— DATA SHOWN —
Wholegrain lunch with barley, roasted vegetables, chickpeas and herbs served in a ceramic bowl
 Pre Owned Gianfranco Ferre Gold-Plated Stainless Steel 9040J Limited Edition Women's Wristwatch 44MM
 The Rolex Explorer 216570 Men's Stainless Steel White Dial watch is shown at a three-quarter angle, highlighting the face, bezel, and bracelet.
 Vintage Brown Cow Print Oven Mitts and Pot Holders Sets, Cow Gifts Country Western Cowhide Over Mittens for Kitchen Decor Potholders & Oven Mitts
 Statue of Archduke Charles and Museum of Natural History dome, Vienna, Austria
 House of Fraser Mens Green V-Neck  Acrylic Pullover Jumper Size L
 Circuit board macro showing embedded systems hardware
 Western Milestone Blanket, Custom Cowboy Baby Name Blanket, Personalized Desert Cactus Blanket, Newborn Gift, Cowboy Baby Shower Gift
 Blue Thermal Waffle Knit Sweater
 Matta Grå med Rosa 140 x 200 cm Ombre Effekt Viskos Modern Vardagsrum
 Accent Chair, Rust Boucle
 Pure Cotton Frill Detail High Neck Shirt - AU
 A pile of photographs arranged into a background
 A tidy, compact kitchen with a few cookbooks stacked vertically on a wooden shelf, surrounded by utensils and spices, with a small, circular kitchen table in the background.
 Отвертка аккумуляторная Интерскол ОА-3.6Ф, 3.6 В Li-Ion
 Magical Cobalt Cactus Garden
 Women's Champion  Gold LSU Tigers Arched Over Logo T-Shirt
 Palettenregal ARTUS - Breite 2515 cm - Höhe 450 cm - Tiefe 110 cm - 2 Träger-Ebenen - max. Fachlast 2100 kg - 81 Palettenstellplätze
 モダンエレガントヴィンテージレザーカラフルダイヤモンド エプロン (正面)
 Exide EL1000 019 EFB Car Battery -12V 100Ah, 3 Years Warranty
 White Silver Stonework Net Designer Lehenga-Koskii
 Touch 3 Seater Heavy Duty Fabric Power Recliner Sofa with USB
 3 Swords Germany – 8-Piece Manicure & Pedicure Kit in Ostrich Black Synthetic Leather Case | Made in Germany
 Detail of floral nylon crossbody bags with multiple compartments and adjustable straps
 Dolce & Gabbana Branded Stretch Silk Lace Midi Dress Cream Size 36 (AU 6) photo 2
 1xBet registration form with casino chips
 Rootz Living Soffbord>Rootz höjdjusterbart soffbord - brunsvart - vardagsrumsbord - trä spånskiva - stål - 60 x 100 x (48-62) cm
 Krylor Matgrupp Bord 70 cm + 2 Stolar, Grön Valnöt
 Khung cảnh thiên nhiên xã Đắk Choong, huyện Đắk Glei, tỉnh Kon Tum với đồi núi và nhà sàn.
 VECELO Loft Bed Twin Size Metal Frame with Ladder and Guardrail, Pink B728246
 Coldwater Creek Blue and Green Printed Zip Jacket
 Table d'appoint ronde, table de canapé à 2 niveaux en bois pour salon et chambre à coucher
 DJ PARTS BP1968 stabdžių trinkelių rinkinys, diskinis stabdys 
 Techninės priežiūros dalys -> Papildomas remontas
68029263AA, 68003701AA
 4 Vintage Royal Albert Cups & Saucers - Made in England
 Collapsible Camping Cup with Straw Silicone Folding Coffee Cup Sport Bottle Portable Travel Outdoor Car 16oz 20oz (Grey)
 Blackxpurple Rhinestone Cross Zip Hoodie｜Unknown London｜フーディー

— TASK TO CARRY OUT —
Your task is to copy each line from the material above that includes the word "Shirt".

— TASK RESPONSE —
 Pure Cotton Frill Detail High Neck Shirt - AU
 Women's Champion  Gold LSU Tigers Arched Over Logo T-Shirt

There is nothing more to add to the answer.